Anti-Jewish riots occurred on June 7–8, 1948, in the towns of Oujda and Jerada, in the French protectorate of Morocco in response to the 1948 Arab–Israeli War ensuing the declaration of the establishment of the State of Israel on May 14. The two towns—located near the border with Algeria—were departure points for Moroccan Jews seeking to migrate to Israel; at the time they were not permitted to do so from within Morocco. In the events, 47 Jews and one Frenchman were killed, many were injured, and property was damaged.

The riots took place a few weeks after a speech in which Sultan Mohammed V, in the context of the recent declaration of the State of Israel and ongoing Nakba, "affirmed Jews’ traditional protected status in Morocco but also warned them not to demonstrate any solidarity with the Zionist cause." In the eyes of many Moroccan Muslims, those emigrating were going to join the forces fighting the Arab armies.

French officials argued that the riots were "absolutely localized" to Oujda and Jerada, and that it had been "migration itself—and not widespread anti-Jewish animosity—that had sparked Muslim anger".

==Outbreak==
René Brunel, the French Commissioner for the Oujda region, stated that rioting began when a Jewish barber attempted to cross into Algeria carrying explosives. Brunel wrote that that atmosphere has "overheated" as a result of "the clandestine passage over the border of a large number of young Zionists from all regions of Morocco trying to get to Palestine via Algeria." The French Ministry of Foreign Affairs noted that Jewish emigration from Oujda to Palestine was a significant irritant to the local Muslim population. The ministry noted, "It is characteristic that those in this region near to the Algerian border consider all Jews who depart as combatants for Israel." Alphonse Juin, Resident General in Morocco, noted that "the clandestine departure of Jews for Palestine ignited the anger already inflamed by professional agitators."

It has also been suggested that the riots were sparked by an anti-Zionist speech by Sultan Mohammed V relating to the ongoing 1948 Arab–Israeli War, but others suggest that the Sultan's speech was focused on ensuring the protection of the Moroccan Jews.
==Riots==
The riots began in Oujda, which was at the time the main transit hub for Jewish emigration out of Morocco because of its proximity to the Algerian border (Algeria was at the time administered as part of Metropolitan France), in which five Jews were killed and 30 injured in the space of three hours before the army arrived. The riots in the neighbouring mining town of Jerada were even more violent, with 39 deaths.

==Aftermath==
At the time, Morocco was a protectorate of France, and the French commissioner for Oujda, René Brunel, blamed the violence on the Jews for leaving through Oujda and for sympathizing with the Zionist movement. The French League for Human Rights and Citizenship blamed the French colonial authorities for their relaxed control in the area. A French military court tried 35 people for their involvement in the pogrom. Two people were sentenced to death, another two to life imprisonment, and the remaining 31 convicts to lesser prison terms.

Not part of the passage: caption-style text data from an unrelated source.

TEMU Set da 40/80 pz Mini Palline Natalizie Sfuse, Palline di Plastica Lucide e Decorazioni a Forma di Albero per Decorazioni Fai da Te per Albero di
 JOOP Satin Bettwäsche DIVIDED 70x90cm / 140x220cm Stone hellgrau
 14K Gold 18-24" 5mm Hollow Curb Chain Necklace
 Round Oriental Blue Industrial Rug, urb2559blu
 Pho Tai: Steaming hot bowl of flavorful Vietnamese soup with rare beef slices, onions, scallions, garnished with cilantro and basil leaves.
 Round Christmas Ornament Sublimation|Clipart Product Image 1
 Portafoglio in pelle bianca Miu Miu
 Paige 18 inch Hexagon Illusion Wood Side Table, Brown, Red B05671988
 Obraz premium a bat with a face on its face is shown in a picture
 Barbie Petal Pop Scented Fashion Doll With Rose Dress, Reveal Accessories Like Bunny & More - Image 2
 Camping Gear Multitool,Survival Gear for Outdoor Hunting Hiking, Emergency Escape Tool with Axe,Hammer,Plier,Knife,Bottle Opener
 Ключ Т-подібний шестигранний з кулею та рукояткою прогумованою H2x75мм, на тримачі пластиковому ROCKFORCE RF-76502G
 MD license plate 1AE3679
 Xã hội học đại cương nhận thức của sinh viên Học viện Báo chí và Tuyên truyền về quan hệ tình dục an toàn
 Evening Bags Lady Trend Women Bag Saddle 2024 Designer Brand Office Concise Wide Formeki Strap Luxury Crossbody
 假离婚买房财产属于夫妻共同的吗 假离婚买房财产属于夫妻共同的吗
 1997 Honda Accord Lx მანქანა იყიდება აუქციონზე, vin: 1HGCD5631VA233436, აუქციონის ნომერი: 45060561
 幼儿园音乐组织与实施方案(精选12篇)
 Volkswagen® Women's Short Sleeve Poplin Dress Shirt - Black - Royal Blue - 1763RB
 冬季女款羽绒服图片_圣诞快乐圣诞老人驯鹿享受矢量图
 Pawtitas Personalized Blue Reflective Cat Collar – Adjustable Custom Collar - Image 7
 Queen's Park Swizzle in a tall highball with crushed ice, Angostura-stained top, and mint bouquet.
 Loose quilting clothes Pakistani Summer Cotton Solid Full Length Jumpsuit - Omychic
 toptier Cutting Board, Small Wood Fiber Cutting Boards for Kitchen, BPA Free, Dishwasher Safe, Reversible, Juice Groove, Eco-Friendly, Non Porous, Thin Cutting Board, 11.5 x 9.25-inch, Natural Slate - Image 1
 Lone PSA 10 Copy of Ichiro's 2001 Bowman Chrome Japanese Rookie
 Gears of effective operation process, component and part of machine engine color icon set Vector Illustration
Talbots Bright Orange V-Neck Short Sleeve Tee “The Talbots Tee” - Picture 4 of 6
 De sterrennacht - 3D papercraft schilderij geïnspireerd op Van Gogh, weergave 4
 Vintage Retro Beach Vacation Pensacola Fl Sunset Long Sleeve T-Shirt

As an Arab Muslim national identity became the vehicle of the anti-colonial resistance in Morocco, the violence in Oujda and Jerada demonstrated how Jews, particularly after the establishment of the State of Israel, were becoming excluded from Moroccan nationalism. While Morocco's Amazigh populations could belong as Muslims, Jews were increasingly excluded from the Moroccan nation.

The emigration of Jews from Morocco to Israel quickly became a flood after the incident: 18,000 Moroccan Jews left for Israel the following year, and 110,000 out of a total of 250,000 Jews in Morocco left between 1948 and 1956.

== Coverage ==
The events were covered in the Sydney Jewish News, which described them as a pogrom.